Getting a good night’s rest is more important than bragging about your wearable sleep score. While sharing your stats may be positive at the moment, sleep is much more than how many hours you spend in bed. Sleep is crucial for mental health because it’s a chance for your brain to reset. No matter what happens during the day, sleep is the one chance your brain can turn off everything and restore itself. 

Sleep is important for brain function, stress response, and emotional processing. This happens during the REM (rapid eye movement) stage of sleep, or the stage most commonly associated with dreaming. This stage plays a role in mood regulation, helping the body process memories from the day and log them for long-term storage. 

Good quality sleep starts with a healthy routine. Turning the temperature down, closing all blinds, and avoiding devices for an hour or two before bedtime can help you get quality ZZZs. If you find yourself tossing and turning every night or unable to get out of bed in the morning, it may be a sign of a mental health condition. Depression, anxiety, bipolar disorder, and substance use disorders can cause insomnia. In these instances, it may be necessary to establish treatment from a facility, such as Pathways rehab located in Utah. 

3. Limit Screen Time

When was the last time that you looked at your average screen time? If you’re like most individuals today, the amount of time you spend staring at your phone can be jarring. Even if you think you’re giving yourself a break by scrolling through TikTok or Instagram, these social media sites are designed to pull you in. The next thing you know, an hour has gone by, and you’re feeling overwhelmed by the time you’ve wasted away. 
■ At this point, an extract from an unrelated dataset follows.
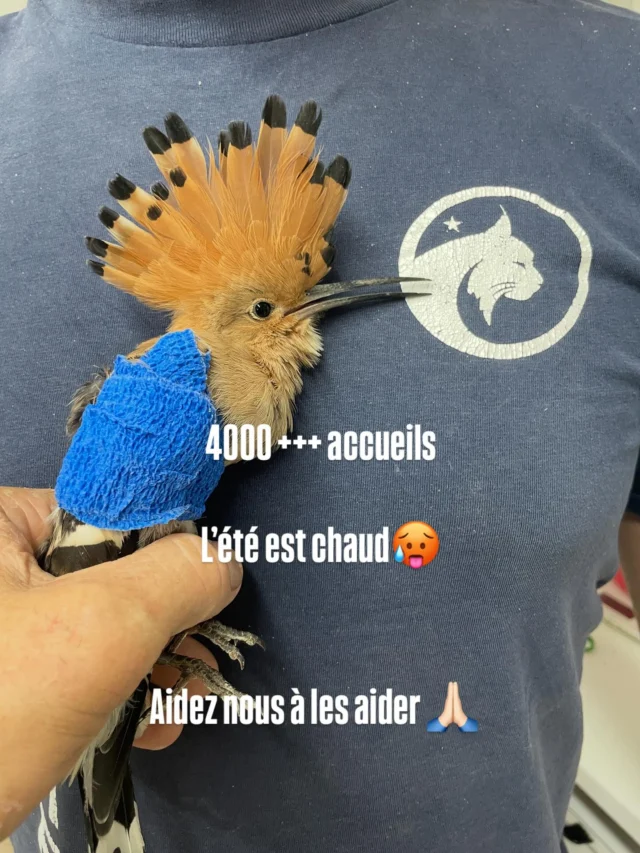 Publication 18054966788107963 Instagram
Yes, it’s nearly impossible to get through the day — let alone an hour — without looking at some sort of screen. For many of us, our lives are dictated by emails, Slack and Microsoft Teams notifications, Zoom calls, and FaceTimes. However, setting clear boundaries when it comes to your screen time can be a positive change for your mental well-being. 

Instead of scrolling through Instagram while eating dinner with your friends, you’ll find that you’re actually more present and enjoying their company. Instead of multitasking and watching a show with your partner and checking emails, you’ll be spending quality time together — and be able to follow the show too! 

Avoiding electronic devices within certain rooms of the house or during certain times of the day can be a good first step. Do you really need to check your Facebook while going for a walk outside with your dog? Can you leave your phone downstairs in the kitchen for the night to avoid the temptation of scrolling in bed? Turning off notifications is another way to reduce distractions and keep your mind on what’s going on at work or at home. 

Final Takeaways

Your mental health and overall well-being come first. The pressures of the day may pull you in multiple directions, but it’s important to stay focused on your needs. This can be difficult at first, and not every day will be perfect. But the more habits, routines, and boundaries that you can establish, the more your mental health will thank you.